(WHAT YOU HAVE TO DO): Without changing a thing, reproduce the entire listing and leave out its pictures.
START SUPPLIED INFORMATION
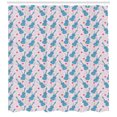 thumbnail image 3 of Music Shower Curtain, Violin Pattern on Pastel Toned Notes and Blossoming Romantic Roses, Fabric Bathroom Set with Hooks, 69W X 84L Inches Extra Long, Slate Blue Pale Pink and Pink, by Ambesonne, 3 of 3
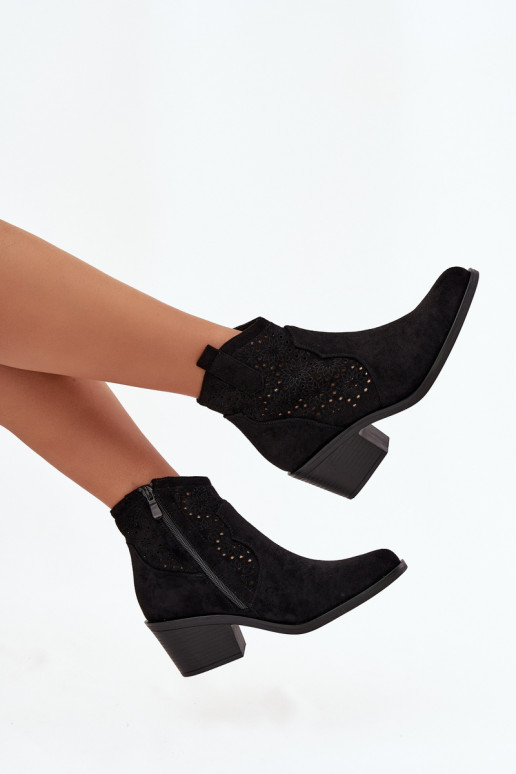 Dameslaarzen met elementen van opengeInerkt met hakken S.Barski HY52-529 zInart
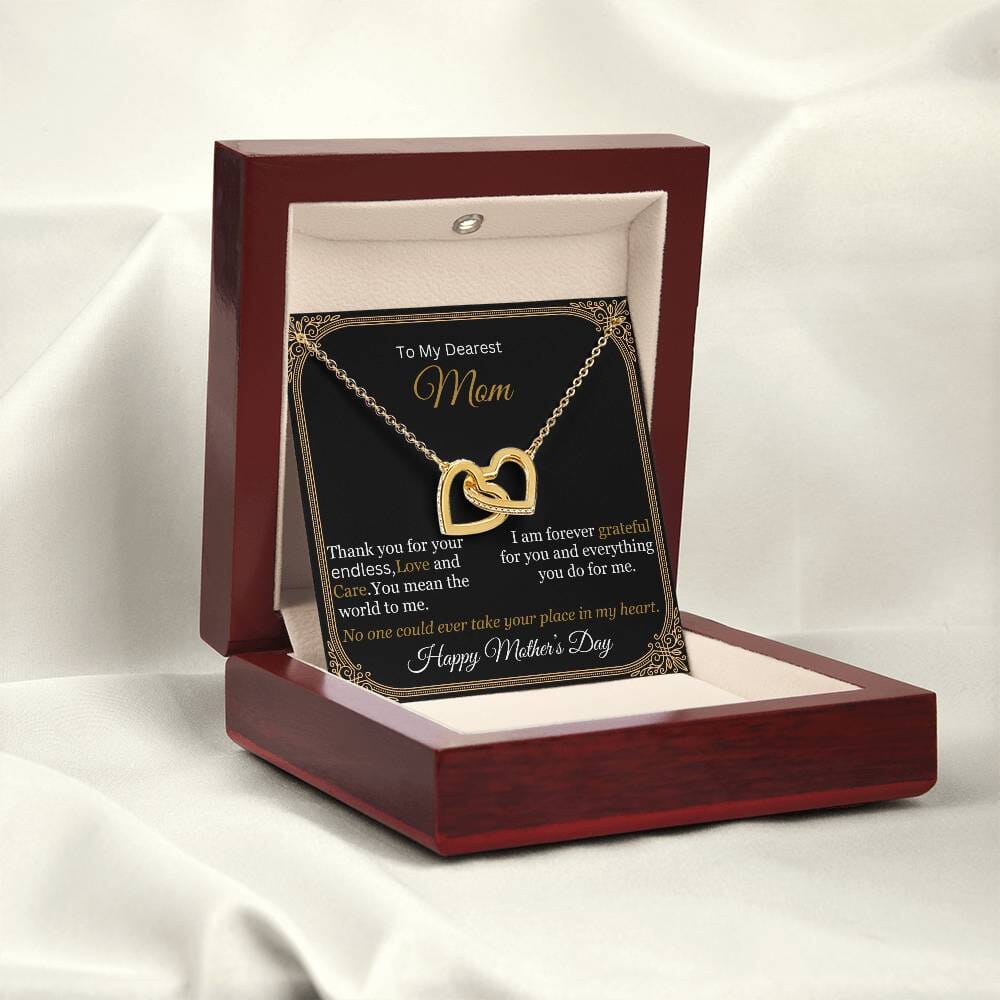 Gift For Mom - Thank You For Your Endless Love And Care - Interlocking Hearts Necklaces - The Shoppers Outlet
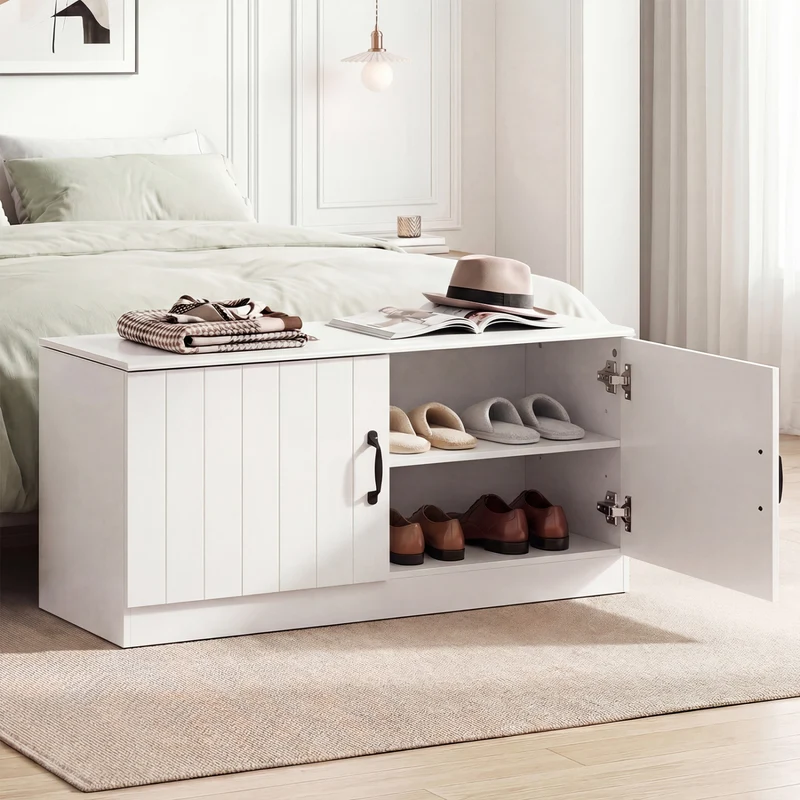 2-Door Shoe Storage Cabinet, Adjustable Shelves, White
END SUPPLIED INFORMATION
(THE COMPLETED TASK):
 thumbnail image 3 of Music Shower Curtain, Violin Pattern on Pastel Toned Notes and Blossoming Romantic Roses, Fabric Bathroom Set with Hooks, 69W X 84L Inches Extra Long, Slate Blue Pale Pink and Pink, by Ambesonne, 3 of 3
 Dameslaarzen met elementen van opengeInerkt met hakken S.Barski HY52-529 zInart
 Gift For Mom - Thank You For Your Endless Love And Care - Interlocking Hearts Necklaces - The Shoppers Outlet
 2-Door Shoe Storage Cabinet, Adjustable Shelves, White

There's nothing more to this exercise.